Sealed

By Gregory Janetka

Her mouth tasted of chemicals. The raw, acidic, bile-flavored chemicals sold to young women by convincing them they're not pretty enough. Profit margins shored up and counted on from seething insecurity. We laid there in bed, she looking up at me, expectantly, longingly, waiting—waiting for me to convince her I still loved her, convince her of what we both knew, that it was over and that these last weeks have been a sad façade, a grasping at the past glory of when we thought we knew each other but knew nothing.

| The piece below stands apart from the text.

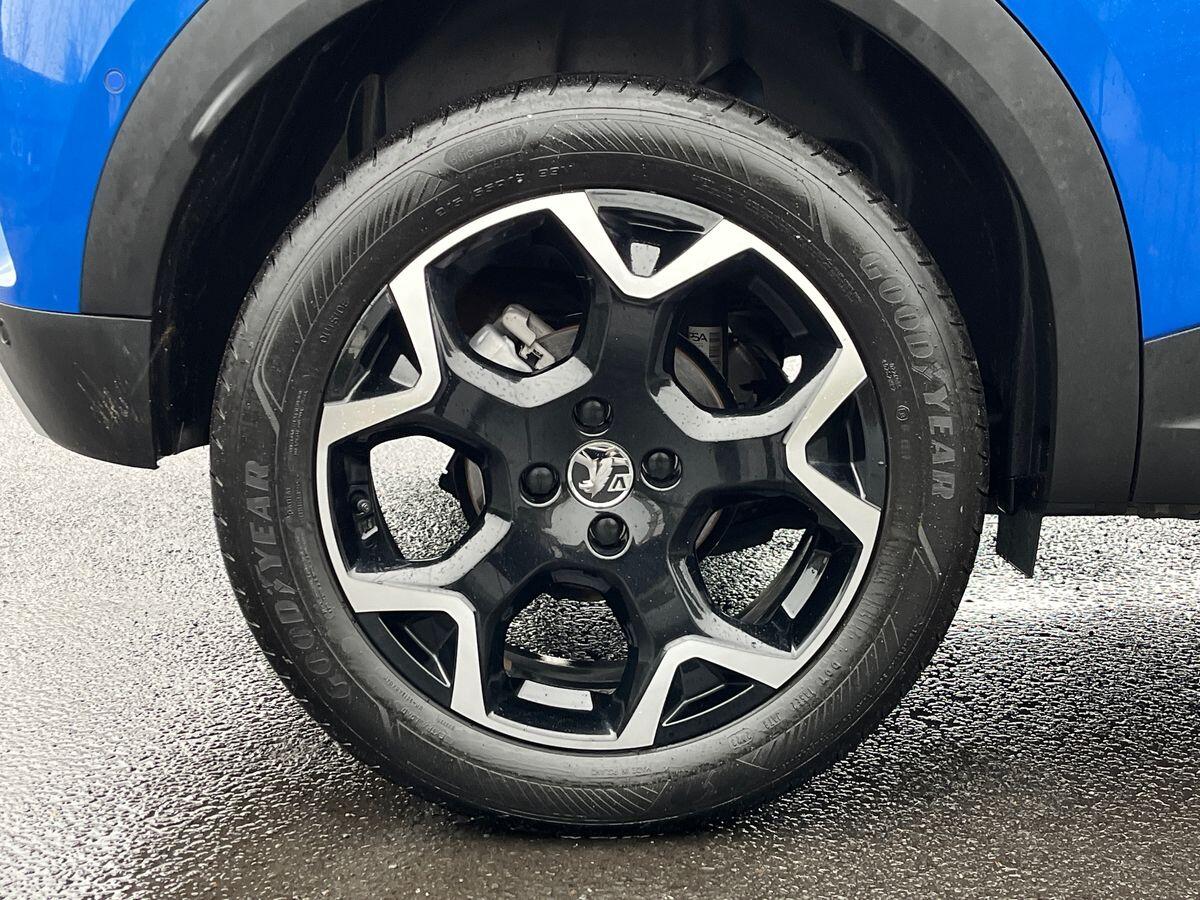 Used Vauxhall Mokka 2023 for sale - 76969327: Photo 12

She'd laid next to me for an hour, talking on and off, touching me, waiting for that kiss. I couldn't give it to her. Every bit of me recoiled in a cowardice that left me unable to climb out of bed or push her away. When she hadn't gotten what she wanted she went to the bathroom and haphazardly removed her makeup. She came back and slid in beside me once more, putting my arm into hers once more. Saying nothing she looked up with those big cow eyes and implored me to kiss her, to reassure her that these fights—these knockout screaming matches as of late—meant nothing more than simply adding to the dreaded, shrinking-violet relationship of a word, "growth." Perhaps they could've been party to such nonsense, if they'd gone anywhere, if we'd listened to one another, if either of us gave a damn beyond our individual pursuits and creature comforts, if we'd dropped the façade and our guards for a brief moment, to see that this, standing in front of us, was a person, a person, a human who we'd been with for the better part of six years, laughed and cried with, made love to, laid with and shared inside jokes with—rather than the enemy, the scapegoat, the cause of all our respective ills and suffering.

Instead they landed squarely where they began—in anger, ignorance, and delusion.

And so when she stared at me I forced myself to kiss her, to end the standoff, if only to be able to say I did and take the blame from my inaction. And when I did she tasted of those sour chemicals. I pulled away and she blinked and tried to smile, as she always did, saying "that was nice," but the words were empty, dry, guarded, as was her attempt at a smile. And at that moment I should've ran, should've grabbed my few possessions from among hers and ran as far and as fast as I could, but instead my arm remained intertwined in hers. Looking at her desperate, sad, fake expression, I tasted the chemicals lingering on my lips and tongue and took a match to everything I'd always claimed to so deeply believe in.

"Yeah, that was nice," I echoed, sealing the fate of us both.